WHAT TO DO
Given the entries that follow, write out exactly the lines starting at the one containing "Jaws-inspired great white" and ending at the one containing "NWT BODY GLOVE", both ends included, and only those.

(Dataset records)
□ □ □ □
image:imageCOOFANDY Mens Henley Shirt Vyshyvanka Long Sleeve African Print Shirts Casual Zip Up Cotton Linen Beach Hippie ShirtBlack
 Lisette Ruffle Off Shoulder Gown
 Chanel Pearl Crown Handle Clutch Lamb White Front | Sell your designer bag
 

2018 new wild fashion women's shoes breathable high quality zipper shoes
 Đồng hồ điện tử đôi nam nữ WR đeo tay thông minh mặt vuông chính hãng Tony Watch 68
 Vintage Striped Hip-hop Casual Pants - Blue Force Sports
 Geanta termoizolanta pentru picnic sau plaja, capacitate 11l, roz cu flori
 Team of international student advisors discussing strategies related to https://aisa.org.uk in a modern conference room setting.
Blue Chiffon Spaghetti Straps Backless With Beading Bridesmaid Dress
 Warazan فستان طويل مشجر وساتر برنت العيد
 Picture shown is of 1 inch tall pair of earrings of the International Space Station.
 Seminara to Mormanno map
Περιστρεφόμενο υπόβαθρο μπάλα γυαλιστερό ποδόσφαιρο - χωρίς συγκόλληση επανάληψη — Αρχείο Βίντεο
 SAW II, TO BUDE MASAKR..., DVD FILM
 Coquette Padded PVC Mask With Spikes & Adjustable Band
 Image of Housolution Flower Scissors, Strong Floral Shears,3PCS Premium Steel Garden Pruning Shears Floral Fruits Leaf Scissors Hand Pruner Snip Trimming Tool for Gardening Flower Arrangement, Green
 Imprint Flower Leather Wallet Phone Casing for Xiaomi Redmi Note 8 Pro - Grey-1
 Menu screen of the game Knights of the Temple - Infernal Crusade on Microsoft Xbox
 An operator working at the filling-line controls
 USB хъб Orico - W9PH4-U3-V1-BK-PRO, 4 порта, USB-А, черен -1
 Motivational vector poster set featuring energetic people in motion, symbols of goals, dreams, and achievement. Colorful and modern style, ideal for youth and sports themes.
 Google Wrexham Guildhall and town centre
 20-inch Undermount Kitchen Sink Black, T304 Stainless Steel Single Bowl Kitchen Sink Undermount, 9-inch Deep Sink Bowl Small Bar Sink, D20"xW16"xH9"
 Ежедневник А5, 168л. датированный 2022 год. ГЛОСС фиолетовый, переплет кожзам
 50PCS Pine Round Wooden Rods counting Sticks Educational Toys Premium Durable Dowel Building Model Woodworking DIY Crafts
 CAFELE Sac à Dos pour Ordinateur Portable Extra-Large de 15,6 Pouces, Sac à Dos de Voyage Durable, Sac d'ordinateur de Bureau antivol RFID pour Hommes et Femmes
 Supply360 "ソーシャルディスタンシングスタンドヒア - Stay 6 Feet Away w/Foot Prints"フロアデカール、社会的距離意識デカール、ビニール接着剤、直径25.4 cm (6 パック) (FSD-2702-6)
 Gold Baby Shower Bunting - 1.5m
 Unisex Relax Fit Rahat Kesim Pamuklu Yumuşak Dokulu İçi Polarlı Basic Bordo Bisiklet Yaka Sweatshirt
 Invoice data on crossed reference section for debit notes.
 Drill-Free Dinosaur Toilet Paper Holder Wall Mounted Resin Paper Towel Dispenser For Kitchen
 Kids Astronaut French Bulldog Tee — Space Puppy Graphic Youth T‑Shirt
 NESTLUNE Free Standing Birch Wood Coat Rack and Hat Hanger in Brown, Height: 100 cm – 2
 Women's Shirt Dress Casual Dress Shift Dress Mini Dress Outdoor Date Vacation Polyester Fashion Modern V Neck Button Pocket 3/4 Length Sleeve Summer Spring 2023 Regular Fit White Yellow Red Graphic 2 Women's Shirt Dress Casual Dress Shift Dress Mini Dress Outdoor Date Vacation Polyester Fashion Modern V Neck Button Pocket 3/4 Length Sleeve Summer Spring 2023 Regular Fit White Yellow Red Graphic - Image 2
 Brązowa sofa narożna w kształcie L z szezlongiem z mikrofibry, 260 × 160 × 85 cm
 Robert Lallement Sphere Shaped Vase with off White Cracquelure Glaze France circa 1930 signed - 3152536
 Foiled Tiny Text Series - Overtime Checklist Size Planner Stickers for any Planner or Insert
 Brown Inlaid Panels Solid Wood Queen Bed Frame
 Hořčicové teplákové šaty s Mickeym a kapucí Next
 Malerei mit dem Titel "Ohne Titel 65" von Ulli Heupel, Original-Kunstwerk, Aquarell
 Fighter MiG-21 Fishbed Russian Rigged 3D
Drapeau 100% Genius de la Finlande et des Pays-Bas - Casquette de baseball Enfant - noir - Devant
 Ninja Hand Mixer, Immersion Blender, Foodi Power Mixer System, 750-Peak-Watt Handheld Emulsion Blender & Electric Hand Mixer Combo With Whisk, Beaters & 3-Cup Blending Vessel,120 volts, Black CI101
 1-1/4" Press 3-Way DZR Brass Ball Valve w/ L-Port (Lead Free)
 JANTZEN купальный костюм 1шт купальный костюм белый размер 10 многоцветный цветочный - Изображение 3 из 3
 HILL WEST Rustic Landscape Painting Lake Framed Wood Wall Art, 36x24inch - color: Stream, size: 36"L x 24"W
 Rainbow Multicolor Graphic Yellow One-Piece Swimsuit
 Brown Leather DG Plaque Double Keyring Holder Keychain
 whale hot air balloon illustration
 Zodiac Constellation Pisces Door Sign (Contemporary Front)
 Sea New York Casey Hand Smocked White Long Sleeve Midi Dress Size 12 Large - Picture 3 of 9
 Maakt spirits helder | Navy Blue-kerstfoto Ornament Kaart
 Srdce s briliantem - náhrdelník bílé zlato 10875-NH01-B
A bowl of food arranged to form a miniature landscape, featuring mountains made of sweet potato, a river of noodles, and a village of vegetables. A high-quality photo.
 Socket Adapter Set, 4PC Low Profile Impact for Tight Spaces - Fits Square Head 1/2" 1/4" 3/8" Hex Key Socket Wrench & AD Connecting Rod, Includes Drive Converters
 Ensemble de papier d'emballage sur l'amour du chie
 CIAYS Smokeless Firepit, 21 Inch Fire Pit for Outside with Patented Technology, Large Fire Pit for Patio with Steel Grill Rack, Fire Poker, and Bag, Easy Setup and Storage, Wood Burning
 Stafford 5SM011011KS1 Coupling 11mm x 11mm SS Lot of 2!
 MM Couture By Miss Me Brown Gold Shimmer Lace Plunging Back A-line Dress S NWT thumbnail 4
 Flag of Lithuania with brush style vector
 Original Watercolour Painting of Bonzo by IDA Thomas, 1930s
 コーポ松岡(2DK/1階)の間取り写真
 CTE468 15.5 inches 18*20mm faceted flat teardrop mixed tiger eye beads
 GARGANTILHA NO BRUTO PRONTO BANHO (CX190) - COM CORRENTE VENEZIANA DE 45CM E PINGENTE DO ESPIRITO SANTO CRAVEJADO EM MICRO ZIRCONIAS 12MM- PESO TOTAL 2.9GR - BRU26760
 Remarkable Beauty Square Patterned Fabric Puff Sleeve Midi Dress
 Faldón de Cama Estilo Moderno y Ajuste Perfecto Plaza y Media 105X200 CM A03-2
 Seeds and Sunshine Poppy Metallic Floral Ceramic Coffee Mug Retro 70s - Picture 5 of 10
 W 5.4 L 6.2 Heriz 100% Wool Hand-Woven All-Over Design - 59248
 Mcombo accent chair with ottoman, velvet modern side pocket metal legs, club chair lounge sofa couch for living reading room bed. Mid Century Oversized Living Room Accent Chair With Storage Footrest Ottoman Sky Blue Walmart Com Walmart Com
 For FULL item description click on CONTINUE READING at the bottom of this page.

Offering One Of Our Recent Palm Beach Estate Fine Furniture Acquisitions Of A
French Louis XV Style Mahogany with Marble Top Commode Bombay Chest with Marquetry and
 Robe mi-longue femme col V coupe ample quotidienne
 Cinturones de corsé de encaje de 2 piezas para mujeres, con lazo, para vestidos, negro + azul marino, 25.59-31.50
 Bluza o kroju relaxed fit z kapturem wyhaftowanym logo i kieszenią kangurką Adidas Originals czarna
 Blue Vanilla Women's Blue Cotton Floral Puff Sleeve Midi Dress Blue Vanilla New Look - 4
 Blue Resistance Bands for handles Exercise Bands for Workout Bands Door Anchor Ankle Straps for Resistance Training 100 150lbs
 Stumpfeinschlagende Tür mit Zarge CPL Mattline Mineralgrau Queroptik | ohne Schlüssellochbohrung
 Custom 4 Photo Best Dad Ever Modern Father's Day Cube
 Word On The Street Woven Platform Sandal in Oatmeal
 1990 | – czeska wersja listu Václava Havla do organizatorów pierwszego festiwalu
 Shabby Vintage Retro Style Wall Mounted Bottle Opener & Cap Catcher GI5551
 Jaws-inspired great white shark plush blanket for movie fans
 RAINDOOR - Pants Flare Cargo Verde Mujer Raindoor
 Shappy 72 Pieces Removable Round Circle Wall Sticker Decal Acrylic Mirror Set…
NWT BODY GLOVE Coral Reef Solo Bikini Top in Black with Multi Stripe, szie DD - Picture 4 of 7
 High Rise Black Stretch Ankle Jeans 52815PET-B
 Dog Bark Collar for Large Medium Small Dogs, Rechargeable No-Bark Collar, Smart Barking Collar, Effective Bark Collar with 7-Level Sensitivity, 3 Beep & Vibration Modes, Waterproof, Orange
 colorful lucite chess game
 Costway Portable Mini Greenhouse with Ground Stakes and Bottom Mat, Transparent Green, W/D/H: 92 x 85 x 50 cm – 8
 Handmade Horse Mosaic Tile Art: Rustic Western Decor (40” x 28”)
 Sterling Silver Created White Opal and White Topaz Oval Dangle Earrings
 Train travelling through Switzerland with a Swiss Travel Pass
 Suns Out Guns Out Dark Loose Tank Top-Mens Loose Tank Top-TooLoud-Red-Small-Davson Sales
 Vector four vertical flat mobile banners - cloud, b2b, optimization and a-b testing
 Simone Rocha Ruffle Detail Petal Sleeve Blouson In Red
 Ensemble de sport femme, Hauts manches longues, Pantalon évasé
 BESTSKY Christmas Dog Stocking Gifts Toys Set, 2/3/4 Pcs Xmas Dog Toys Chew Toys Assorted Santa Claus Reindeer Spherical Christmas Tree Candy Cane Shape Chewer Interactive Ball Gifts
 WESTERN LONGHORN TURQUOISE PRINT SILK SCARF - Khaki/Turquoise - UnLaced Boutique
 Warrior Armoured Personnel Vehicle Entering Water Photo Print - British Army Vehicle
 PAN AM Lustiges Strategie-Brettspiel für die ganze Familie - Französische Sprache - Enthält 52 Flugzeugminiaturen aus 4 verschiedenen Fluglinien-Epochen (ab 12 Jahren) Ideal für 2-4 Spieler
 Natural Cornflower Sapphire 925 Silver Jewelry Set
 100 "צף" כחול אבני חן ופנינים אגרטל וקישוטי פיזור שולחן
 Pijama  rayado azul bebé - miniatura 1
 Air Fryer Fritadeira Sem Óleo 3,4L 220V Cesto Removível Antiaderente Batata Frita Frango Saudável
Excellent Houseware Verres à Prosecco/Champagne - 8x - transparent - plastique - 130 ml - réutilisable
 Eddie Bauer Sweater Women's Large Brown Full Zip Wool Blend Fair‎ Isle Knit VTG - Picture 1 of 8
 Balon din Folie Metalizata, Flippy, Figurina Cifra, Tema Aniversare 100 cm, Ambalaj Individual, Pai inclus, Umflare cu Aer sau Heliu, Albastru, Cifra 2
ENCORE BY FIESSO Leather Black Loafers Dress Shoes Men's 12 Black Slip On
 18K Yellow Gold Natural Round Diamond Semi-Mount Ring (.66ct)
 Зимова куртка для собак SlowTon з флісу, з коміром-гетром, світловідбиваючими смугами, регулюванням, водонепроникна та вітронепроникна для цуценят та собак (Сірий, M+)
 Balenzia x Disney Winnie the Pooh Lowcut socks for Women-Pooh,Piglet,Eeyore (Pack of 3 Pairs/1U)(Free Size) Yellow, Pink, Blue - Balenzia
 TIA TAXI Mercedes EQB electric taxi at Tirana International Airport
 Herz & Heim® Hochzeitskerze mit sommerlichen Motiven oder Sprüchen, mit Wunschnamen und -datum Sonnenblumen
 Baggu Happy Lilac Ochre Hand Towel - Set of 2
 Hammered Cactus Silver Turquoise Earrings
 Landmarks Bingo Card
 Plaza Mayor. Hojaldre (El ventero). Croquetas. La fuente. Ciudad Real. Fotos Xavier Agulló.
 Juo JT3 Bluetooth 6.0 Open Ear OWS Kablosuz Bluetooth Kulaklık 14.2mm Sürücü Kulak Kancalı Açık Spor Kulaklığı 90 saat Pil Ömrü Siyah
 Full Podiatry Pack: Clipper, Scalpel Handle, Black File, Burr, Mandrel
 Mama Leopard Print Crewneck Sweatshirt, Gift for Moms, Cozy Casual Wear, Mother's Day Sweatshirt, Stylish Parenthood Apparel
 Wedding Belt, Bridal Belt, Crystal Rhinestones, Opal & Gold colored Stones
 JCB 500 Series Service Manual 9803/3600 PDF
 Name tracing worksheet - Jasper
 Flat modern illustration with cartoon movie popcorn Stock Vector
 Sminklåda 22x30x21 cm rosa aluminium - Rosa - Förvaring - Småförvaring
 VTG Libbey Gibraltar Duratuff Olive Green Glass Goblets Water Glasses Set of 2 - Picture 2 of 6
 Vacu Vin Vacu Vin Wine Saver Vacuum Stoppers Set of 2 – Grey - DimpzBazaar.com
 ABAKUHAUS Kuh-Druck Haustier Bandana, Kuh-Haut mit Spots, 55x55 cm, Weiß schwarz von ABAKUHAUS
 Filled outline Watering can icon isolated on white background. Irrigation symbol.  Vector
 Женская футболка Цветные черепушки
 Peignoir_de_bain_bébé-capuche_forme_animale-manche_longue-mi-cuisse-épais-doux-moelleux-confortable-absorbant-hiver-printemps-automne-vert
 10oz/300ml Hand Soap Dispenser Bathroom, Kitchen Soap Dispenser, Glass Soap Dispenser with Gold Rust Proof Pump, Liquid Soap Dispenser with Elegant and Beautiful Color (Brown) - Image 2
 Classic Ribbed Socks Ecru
□ □ □ □
RESULT OF THE EXERCISE
 Jaws-inspired great white shark plush blanket for movie fans
 RAINDOOR - Pants Flare Cargo Verde Mujer Raindoor
 Shappy 72 Pieces Removable Round Circle Wall Sticker Decal Acrylic Mirror Set…
NWT BODY GLOVE Coral Reef Solo Bikini Top in Black with Multi Stripe, szie DD - Picture 4 of 7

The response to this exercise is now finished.